Richard Dawkins is of course right that the religion you hold is pretty much an accident of birth, or at least the society you find yourself in. The same is true for any other culturally transmitted view.

Belief is not a choice. It creeps in unannounced, as does unbelief.

Richard Dawkins was not the first to note that ideas spread by epidemiology. A very similar point was made by Mark Twain in an essay, which he wrote in 1901, although it wasn’t published until 1923, after Twain was dead.

 Morals, religions, politics, get their following from surrounding influences and atmospheres, almost entirely; not from study, not from thinking. A man must and will have his own approval first of all, in each and every moment and circumstance of his life — even if he must repent of a self-approved act the moment after its commission, in order to get his self-approval again: but, speaking in general terms, a man’s self-approval in the large concerns of life has its source in the approval of the peoples about him, and not in a searching personal examination of the matter.
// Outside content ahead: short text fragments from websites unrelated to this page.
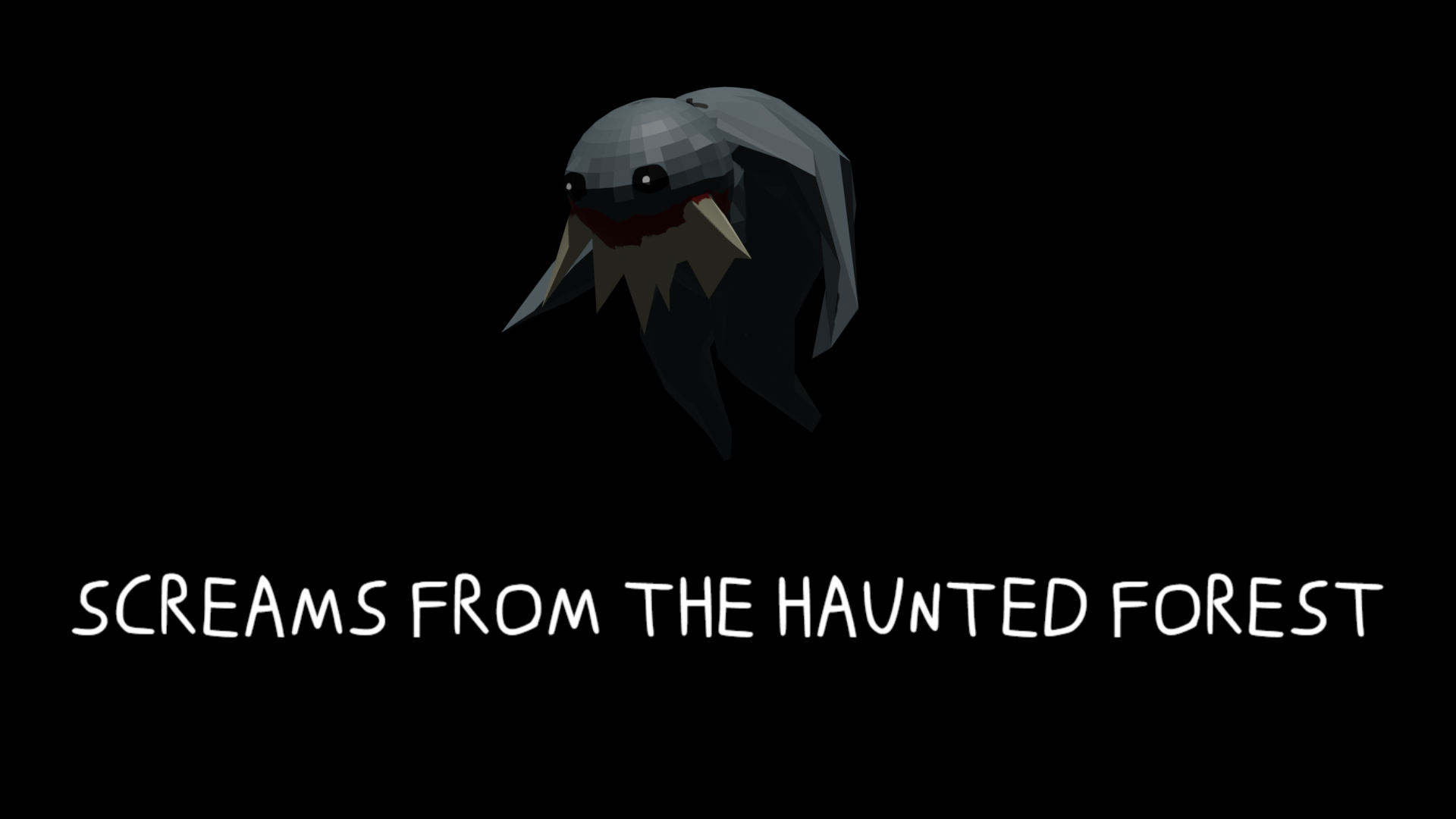 Screams from the Haunted Forest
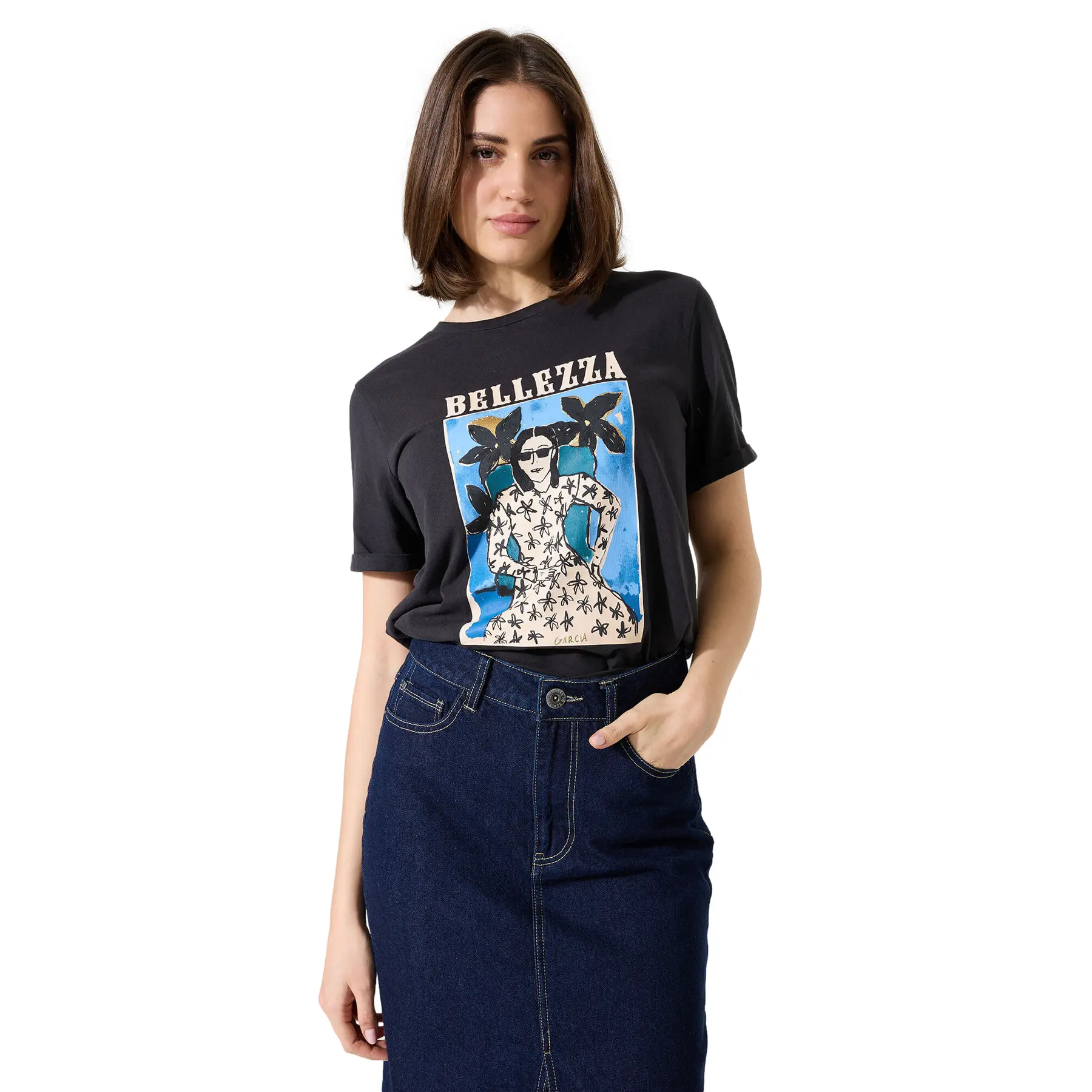 T-Shirt Garcia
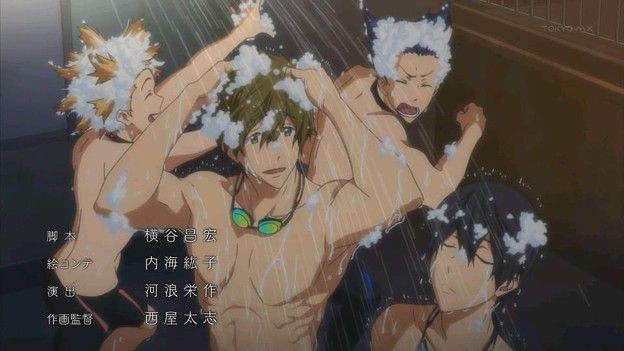 Free!に関連した画像-01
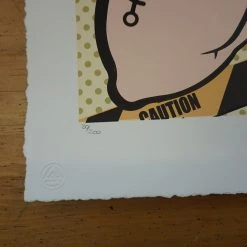 Provocateurs - 2014 D*Face Shepard Fairey Poster Pop-Eye-Con Art Alliance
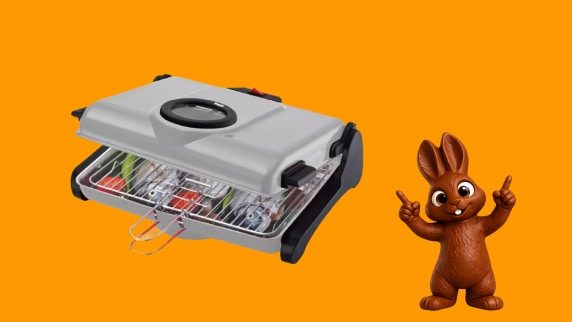 BBQ & Ηλεκτρικές Ψησταριές στα Public.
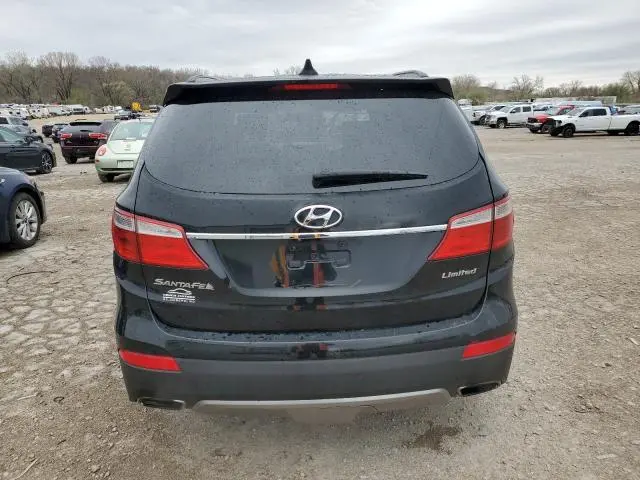 2014 HYUNDAI SANTA FE GLS  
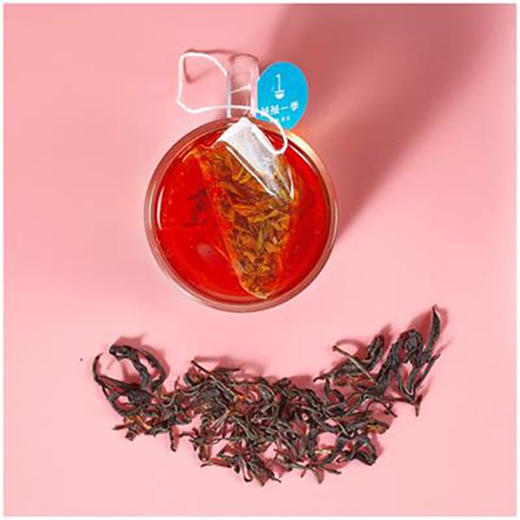 茶茶一季陪伴系列晨曦一号（茉莉红茶） 商品图4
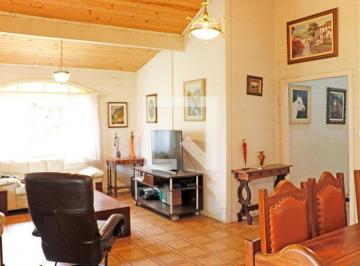 Casa · 840m² · 3 Quartos · 4 Vagas · Casa para Aluguel - Condomínio Estância Marambaia, 3 Quartos,  840 m² - Vinhedo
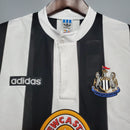 Camisa Newcastle Titular 95/97 - Versão Retrô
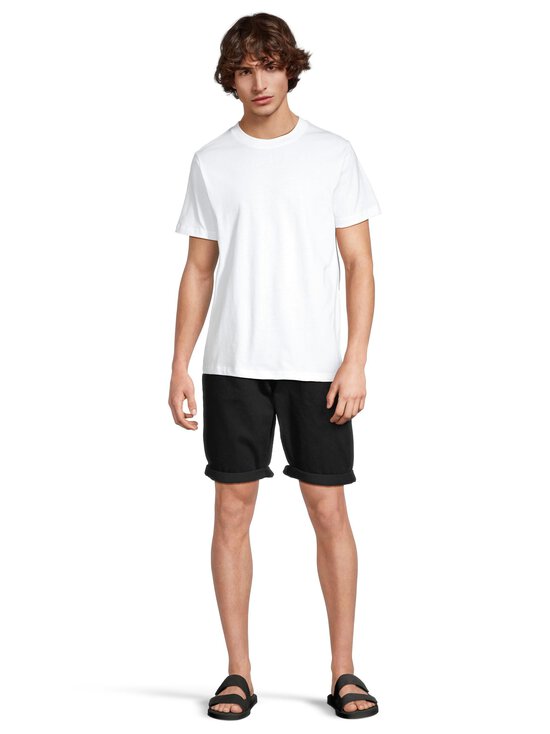 Calvin Klein Jeans - Lühikesed teksapüksid Slim - 1BY DENIM BLACK - photo 3 Calvin Klein Jeans - Lühikesed teksapüksid Slim - 1BY DENIM BLACK | Stockmann - photo 3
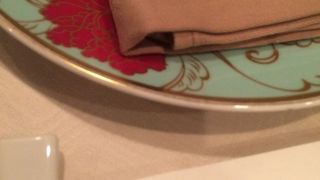 高層階の高級中華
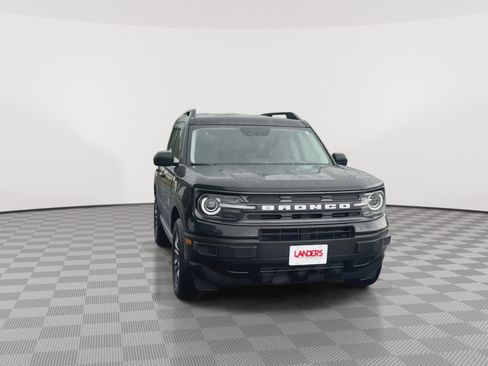 Used 2023 Ford Bronco Sport Big Bend AWD/4WD image 3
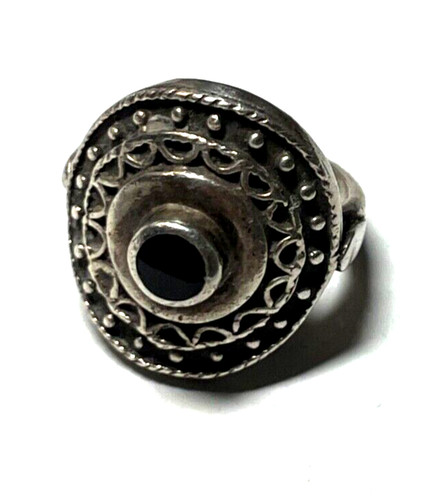 Anello solido argento - , 925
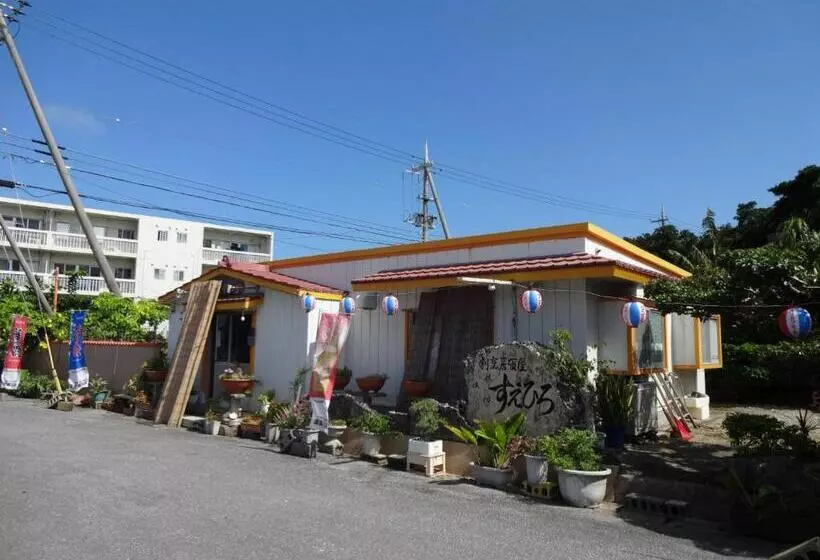 ホテル Pension Orange Box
Mohammedans are Mohammedans because they are born and reared among that sect, not because they have thought it out and can furnish sound reasons for being Mohammedans; we know why Catholics are Catholics; why Presbyterians are Presbyterians; why Baptists are Baptists; why Mormons are Mormons; why thieves are thieves; why monarchists are monarchists; why Republicans are Republicans and Democrats, Democrats. We know it is a matter of association and sympathy, not reasoning and examination; that hardly a man in the world has an opinion upon morals, politics, or religion which he got otherwise than through his associations and sympathies.

Mark Twain Corn-Pone Opinions  1901

Mark Twain argued that the epidemiology was being driven by an instinct for social conformity.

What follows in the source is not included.